What you will do.
Would you reproduce each line below exactly, leaving every picture out?

Supplied data.
*** Block opens ***

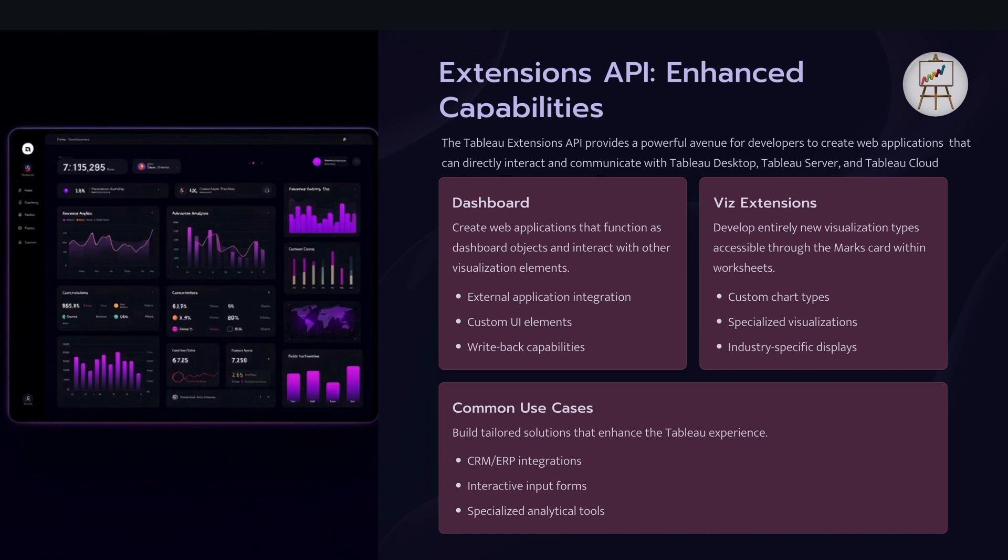So for example, you created a web application in an HTML form and you can actually click on the rows on the dashboard which pass the parameters to the HTML form which can then when submitted write the data back into the database. So that's where write back capabilities come into picture and all that can be developed using extension API. So it is quite powerful and it gives you a lot of control to create different web applications that can interact with your visual components within the dashboards.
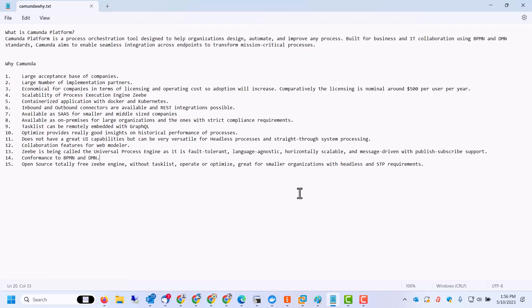Optimize provides really good insights on historical performance of processes with heat maps and a ton of KPIs available as the historical perspective. It does not have great UI capabilities. If you look at the form, there are around six to seven types of elements only available, but the whole selling point is lightweight, scalable, universally acceptable process execution engine. So it can be very versatile for headless processes and straight through system processing.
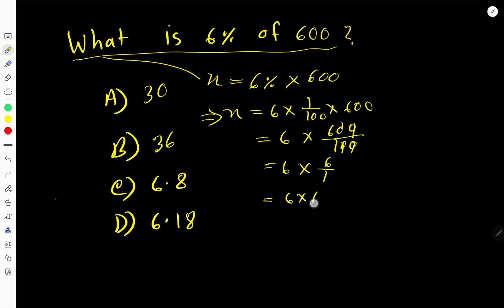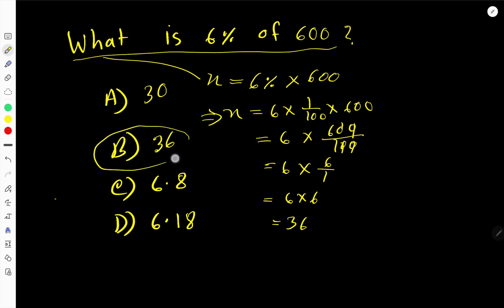That is 6 times 6, which equals 36. So 36 is the result. Now let me show you another technique: 6 times 6 equals 36.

*** Block closes ***

Answer below.
So for example, you created a web application in an HTML form and you can actually click on the rows on the dashboard which pass the parameters to the HTML form which can then when submitted write the data back into the database. So that's where write back capabilities come into picture and all that can be developed using extension API. So it is quite powerful and it gives you a lot of control to create different web applications that can interact with your visual components within the dashboards.
Optimize provides really good insights on historical performance of processes with heat maps and a ton of KPIs available as the historical perspective. It does not have great UI capabilities. If you look at the form, there are around six to seven types of elements only available, but the whole selling point is lightweight, scalable, universally acceptable process execution engine. So it can be very versatile for headless processes and straight through system processing.
That is 6 times 6, which equals 36. So 36 is the result. Now let me show you another technique: 6 times 6 equals 36.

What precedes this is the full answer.